Autor: Dr. Wendelin Kellner
Ungewöhnliche und irreguläre Römermünzen (Teil 6)
Auf regulären Münzen erscheint, was der Kaiser dem Volk mitteilen möchte, auf irregulären eher, was das Volk sehen will. In Volk und Heer gab es eine starke Neigung zu dynastischem Denken, man hing nicht nur am Kaiser sondern auch an seiner Familie. Entsprechend liebte man das Bild des munteren Knaben M. Aurelius Antoninus = Caracalla (Caesar 196-198, Augustus 198-217). Ein Beleg dafür ist der hybride Denar (Abb. 1) mit der drapierten, bekränzten, halb vom Rücken gesehenen Kinderbüste und ANTONINVS – PIVS AVG. Der Revers gehört eigentlich Julia Domna: Cybele mit Mauerkrone, Ölzweig und Tympanon sitzt neben einem Löwen nach links.

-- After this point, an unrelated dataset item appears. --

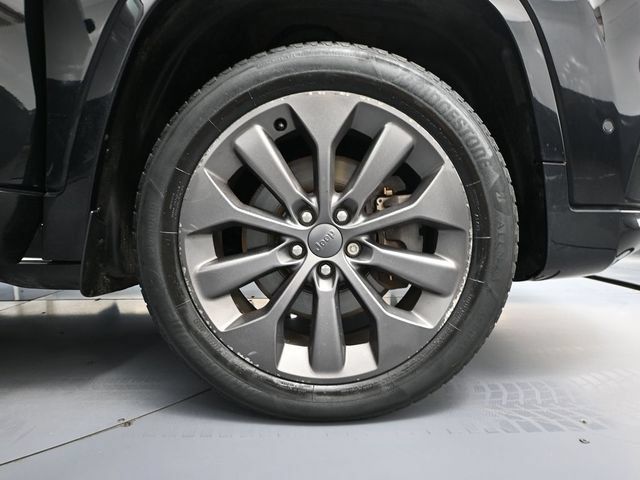 Used 2020 Jeep Cherokee High Altitude AWD/4WD image 12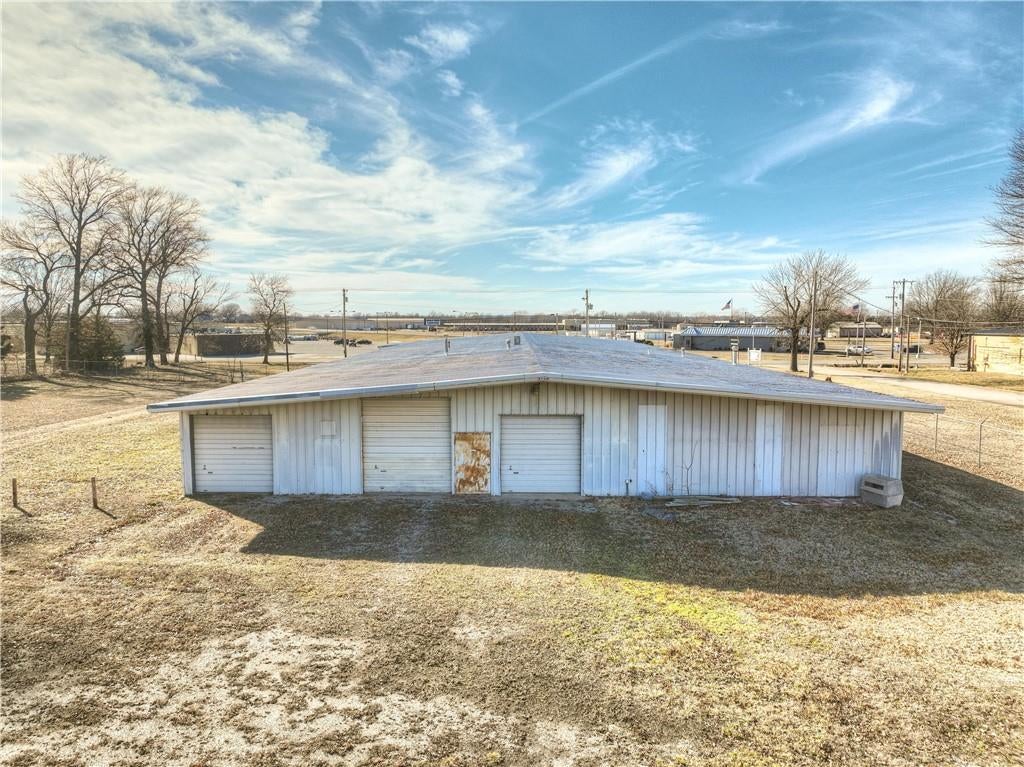 2800 Roberts Road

In der Linken hält sie anscheinend einen Pinienstamm (de pinea arbore truncus). An vielen Orten des Reiches sind Handwerkerzünfte der „Baumträger“ nachgewiesen, wie in Rom das collegium dendrophorum Matris deum m(agnae) I(daeae) et Attis, die beim Volksfest des Baumtragens am 22. März mitwirkten: F. Cumont, RE 5,2 (1903) Sp. 217f. Auf regulären Stücken sieht man an Stelle des Stammes den glatten Stab eines Zepters. Legende: MATER DEVM: die große Gottesmutter vom Berg Ida (wo Zeus geboren wurde) galt als Beschützerin der Kaiserfamilie und wurde darum auch MATER AVGG genannt (BMC 163,48).